5 minutes de lecture

 On racontait que quand le Ciel était pris de doutes, sa consistance changeait.

 Son incertitude nimbait alors la Cité d’une brume épaisse, ne permettant de voir le monde qu’à quelques pas. Les Ter racontaient qu’au-delà de ce voile blanc, le monde disparaissait et qu’il ne subsistait plus que l’environnement immédiat. Ils disaient aussi que ceux qui avaient l’audace de s’y avancer allaient disparaître dans sa clarté.

 C’est pour cela que personne n’osait bouger les jours de brouillard. Chacun restait chez soi, dans le visible. On dormait en attendant la fin de l’immobilisme généralisé. Et comme l’opacité masquait aussi le Temps, on attendait souvent longuement. Plus rien ne semblait en mouvement, sinon au ralenti, à la traîne. Ces jours-là, tout n’était qu’ennui.

 Bane avait connu bien des jours de brouillard.

 Il restait accoudé à la fenêtre, fasciné par ce grand espace blanc dans lequel l’image du monde se noyait. Seuls quelques rares sons aux résonnances opaques laissaient penser que quelque chose subsistait par-delà la blancheur. Peut-être des gens, peut-être des oiseaux, peut-être des revenus du Ciel ou des monstres. Peut-être juste des échos du Vide.

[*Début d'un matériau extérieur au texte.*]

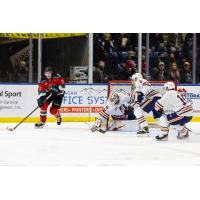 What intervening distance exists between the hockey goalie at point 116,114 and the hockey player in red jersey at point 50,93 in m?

 Il se concentra, essaya de discerner des nuances dans l’opacité. Existait-il un équivalent sonore au brouillard ? Quelque chose de similaire au flou, à l’indéterminé qui régnait ces jours blancs. Ce qu’il expérimentait en ce moment lui paraissait de cet ordre. Une sorte de brume sourde. Le son n’en était pas absent, il semblait au contraire remplir l’espace, mais sans qu’il soit possible de lui donner une quelconque forme ou consistance.

 Ce brouillard sonore avait accompagné son réveil. Il s’agissait de la seule chose à laquelle il pouvait se fier. À part ça, l’obscurité était totale, rien ne bougeait, en lui, comme autour de lui. Seul existait ce son sourd.

 Bane se disait qu’il devait attendre, supporter l’ennui, cloitré, comme lors des jours brumeux. Cela finirait bien par passer au bout d’un moment…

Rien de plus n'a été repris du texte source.